## [The data]

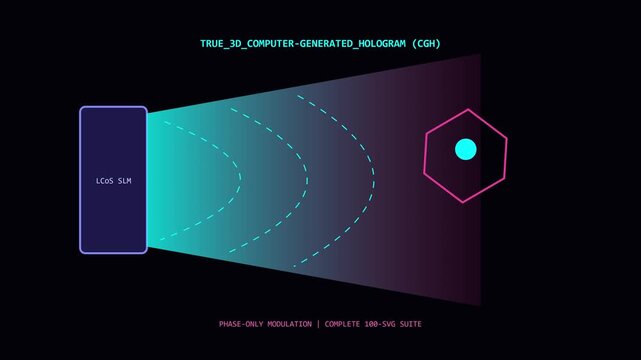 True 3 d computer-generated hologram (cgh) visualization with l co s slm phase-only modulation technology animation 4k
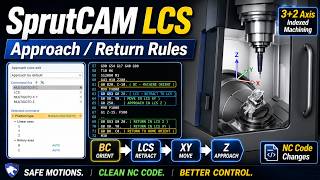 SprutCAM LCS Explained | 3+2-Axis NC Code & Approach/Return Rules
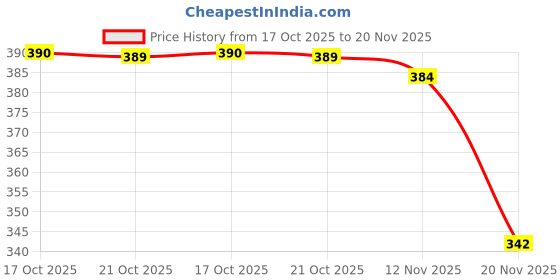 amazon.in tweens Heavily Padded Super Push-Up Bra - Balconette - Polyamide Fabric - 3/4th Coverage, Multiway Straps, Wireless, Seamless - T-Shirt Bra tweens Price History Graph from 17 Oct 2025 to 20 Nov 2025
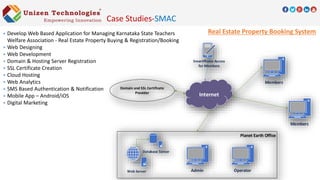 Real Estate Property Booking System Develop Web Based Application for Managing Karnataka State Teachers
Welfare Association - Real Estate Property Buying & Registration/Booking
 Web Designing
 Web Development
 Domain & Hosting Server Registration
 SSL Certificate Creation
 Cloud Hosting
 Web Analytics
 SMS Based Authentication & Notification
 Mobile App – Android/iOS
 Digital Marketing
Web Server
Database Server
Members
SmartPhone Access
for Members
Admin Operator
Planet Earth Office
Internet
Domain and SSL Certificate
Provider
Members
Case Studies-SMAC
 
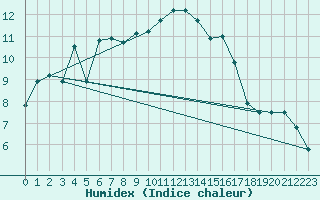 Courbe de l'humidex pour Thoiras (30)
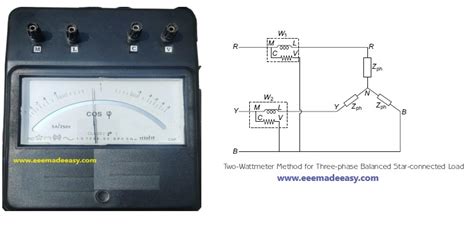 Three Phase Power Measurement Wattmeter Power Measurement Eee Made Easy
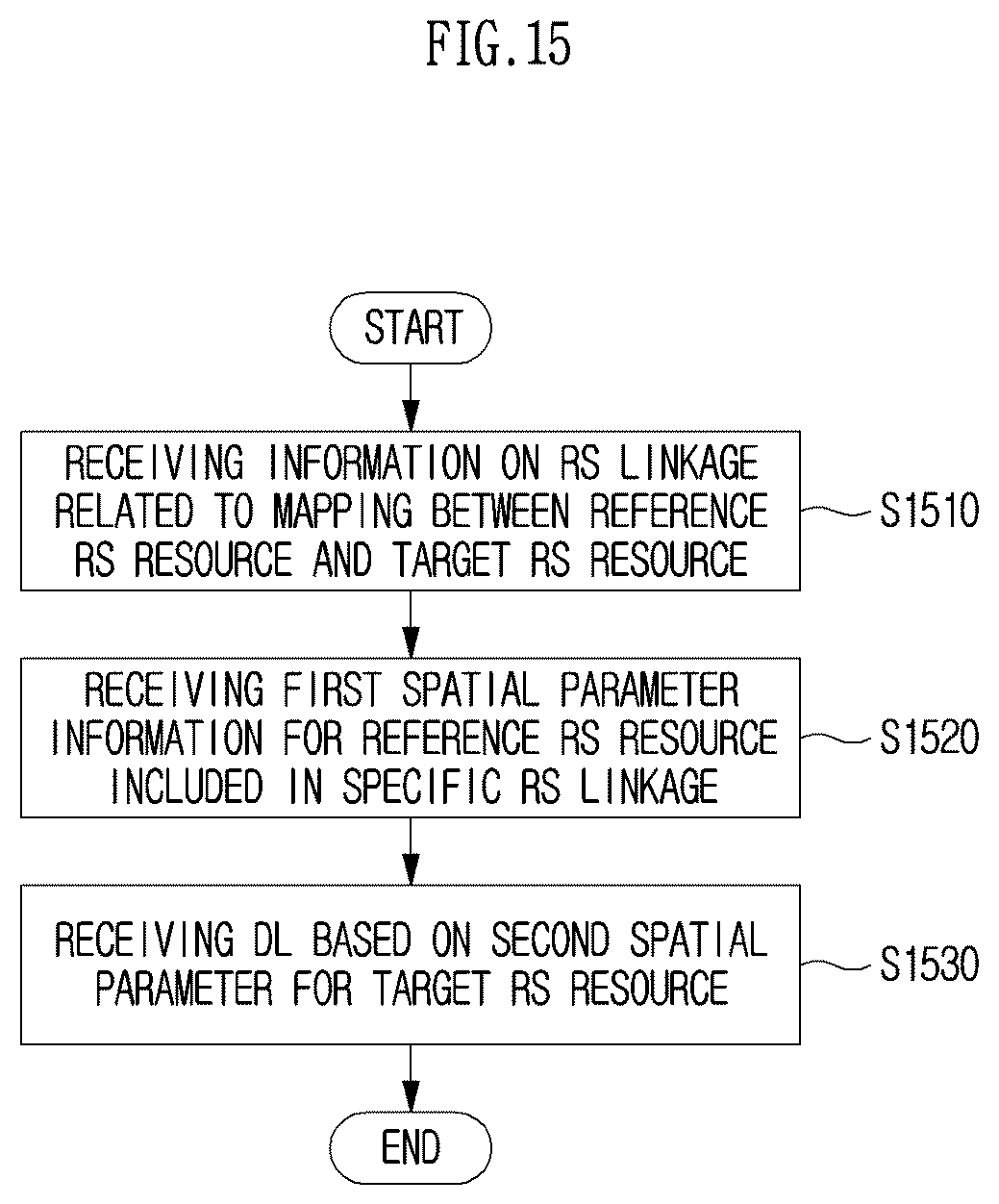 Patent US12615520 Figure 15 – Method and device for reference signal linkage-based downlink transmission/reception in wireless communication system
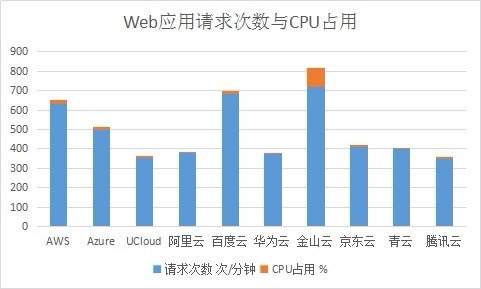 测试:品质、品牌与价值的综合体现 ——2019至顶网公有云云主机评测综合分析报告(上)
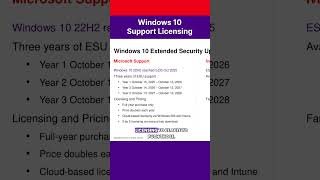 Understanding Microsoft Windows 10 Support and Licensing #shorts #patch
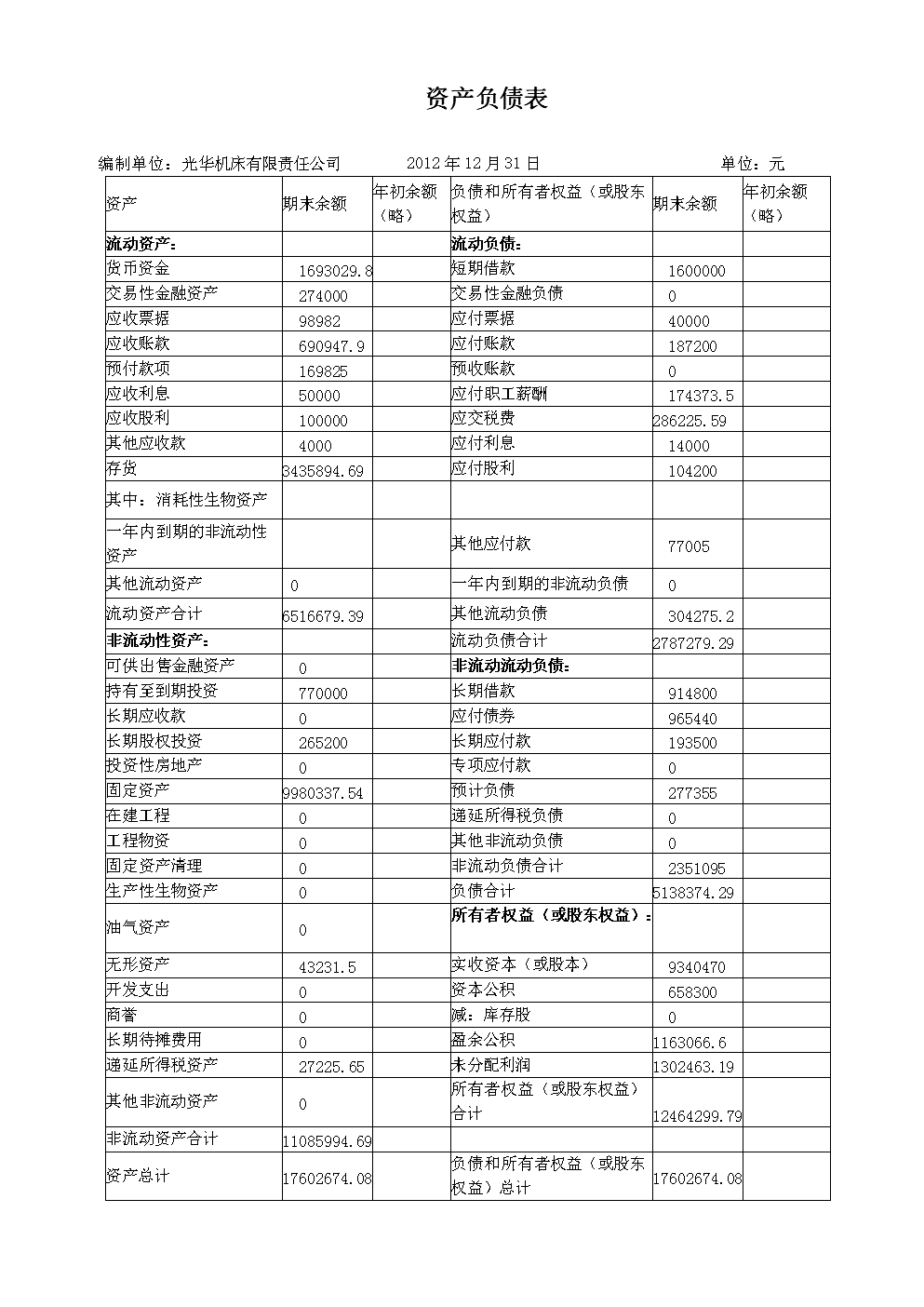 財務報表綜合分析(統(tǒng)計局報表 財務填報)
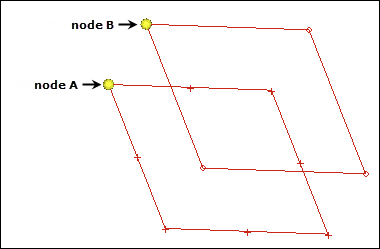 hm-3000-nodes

==

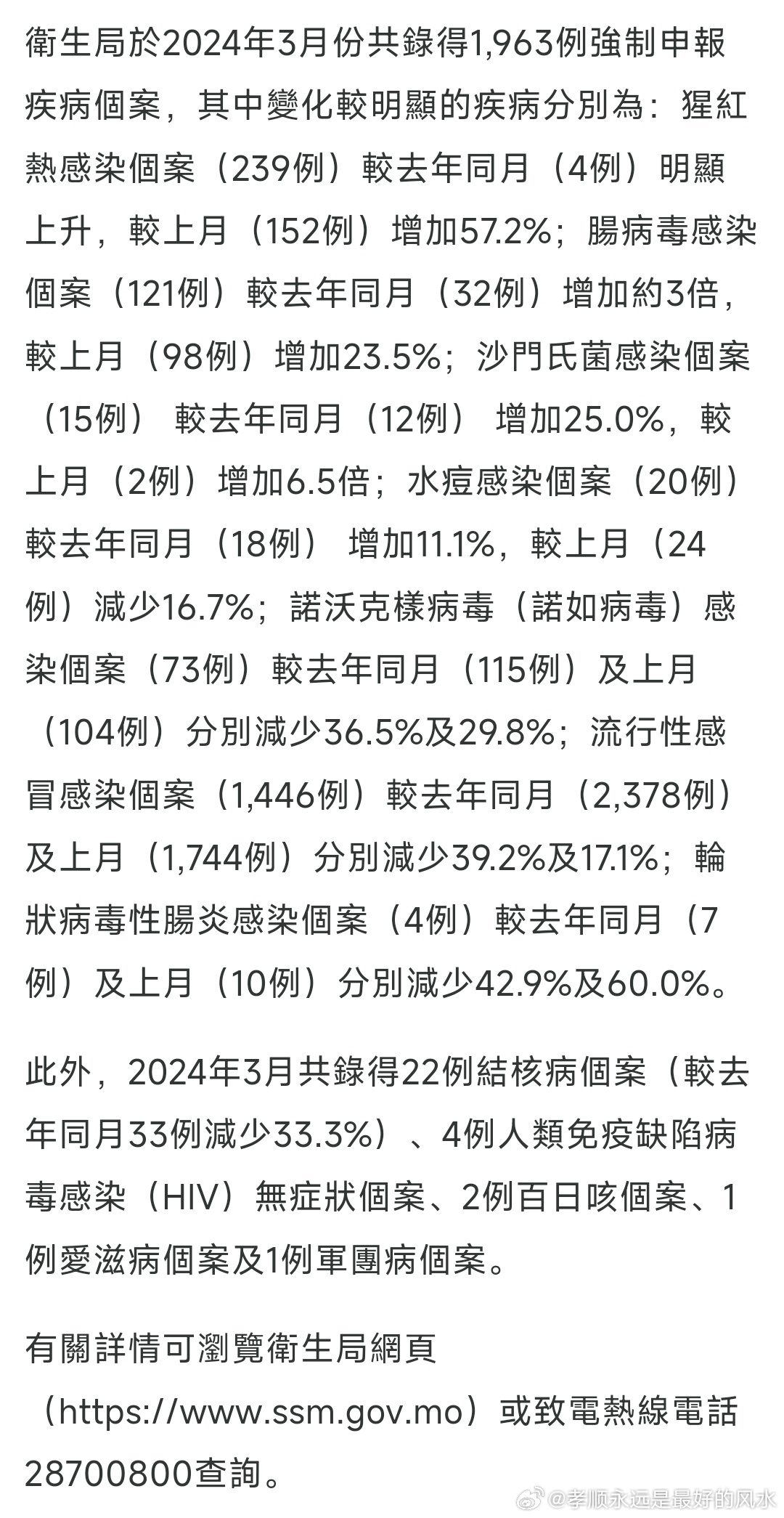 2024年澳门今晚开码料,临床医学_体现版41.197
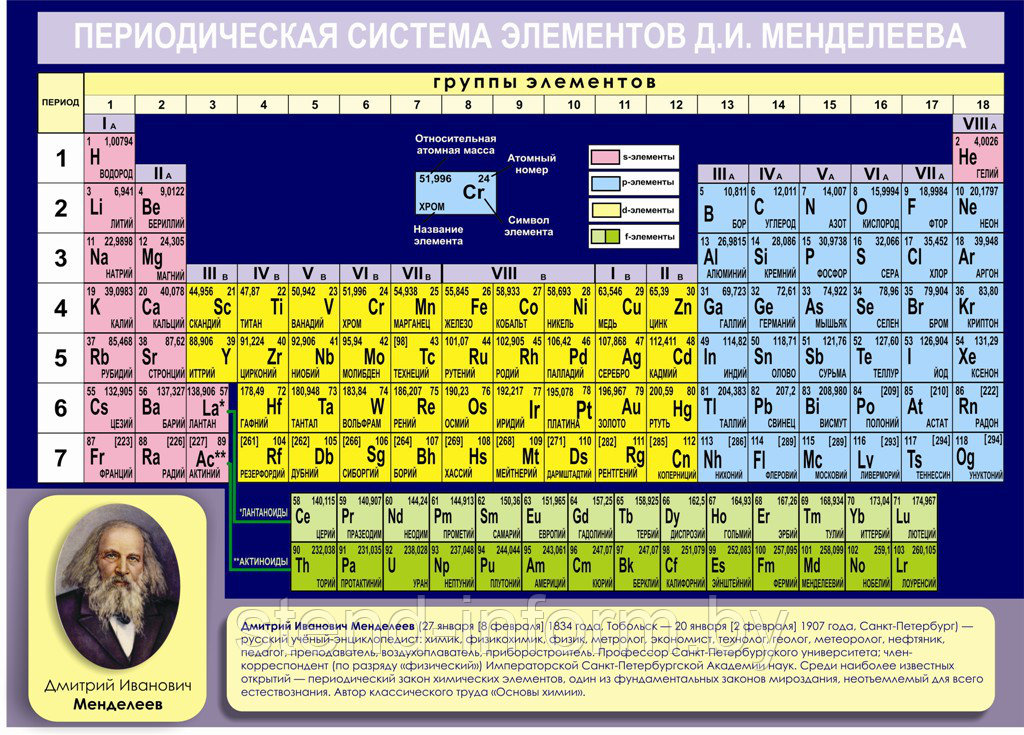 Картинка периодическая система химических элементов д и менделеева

==

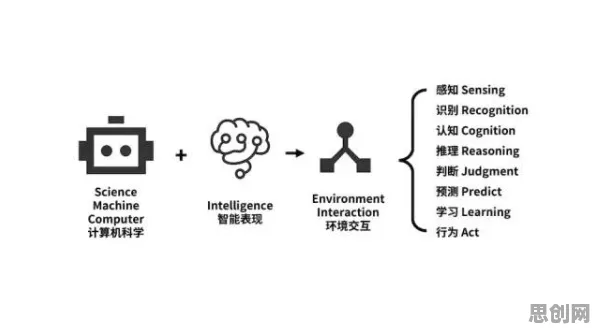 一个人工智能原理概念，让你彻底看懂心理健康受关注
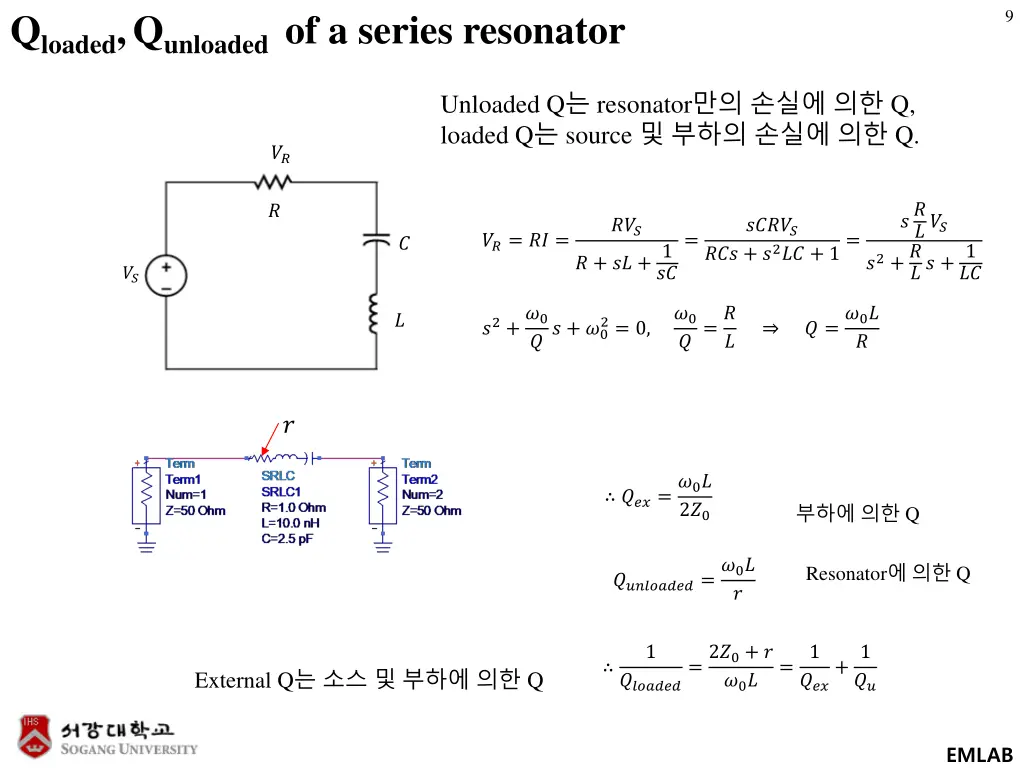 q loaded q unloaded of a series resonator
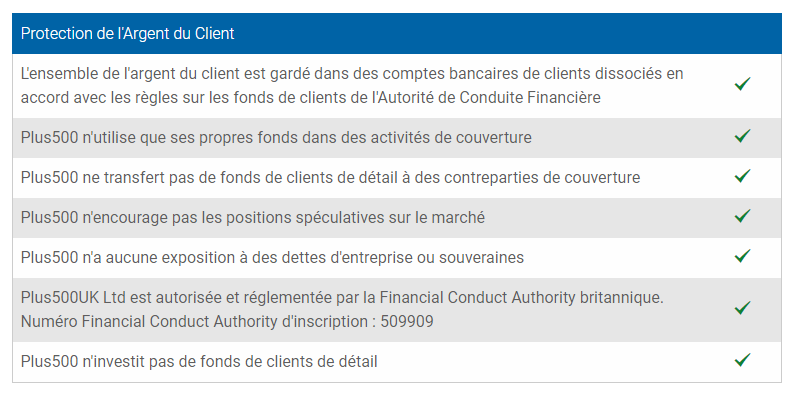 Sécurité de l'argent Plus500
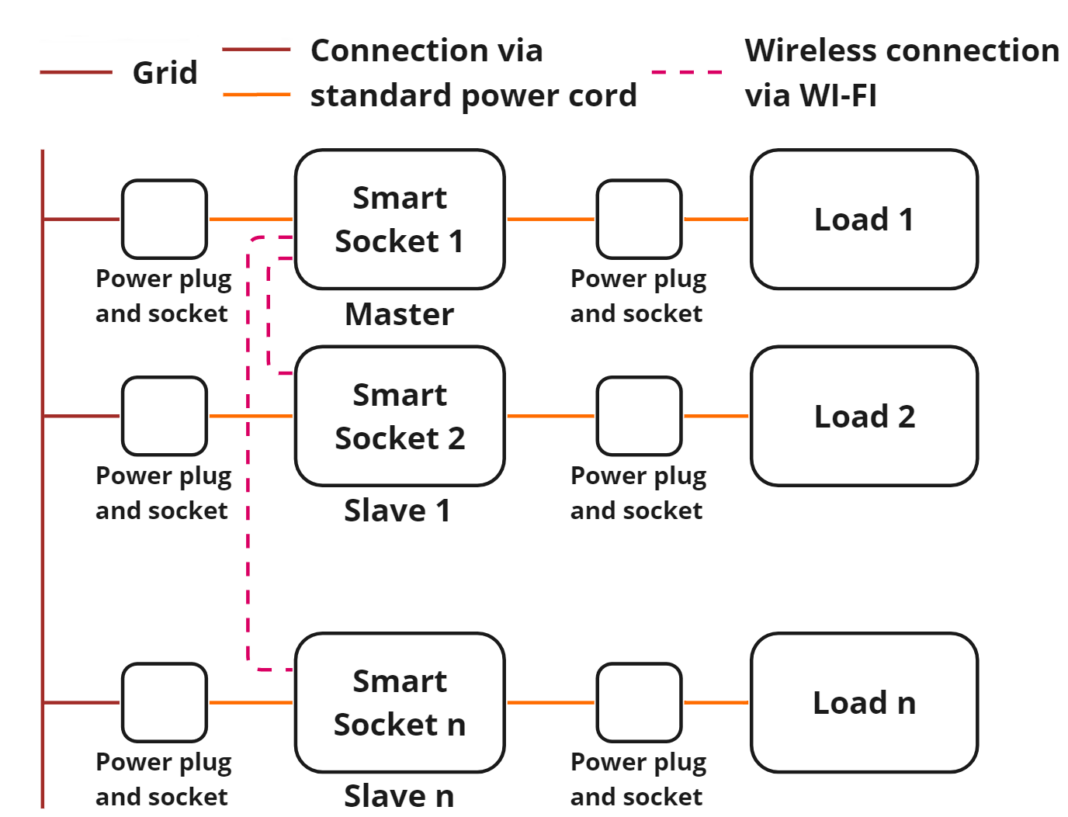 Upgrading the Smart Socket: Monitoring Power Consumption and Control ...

## [Task prompt]
Identify each line in the entries with the word "Certificate" and copy it.

## [Result for this exercise]
 SSL Certificate Creation
Domain and SSL Certificate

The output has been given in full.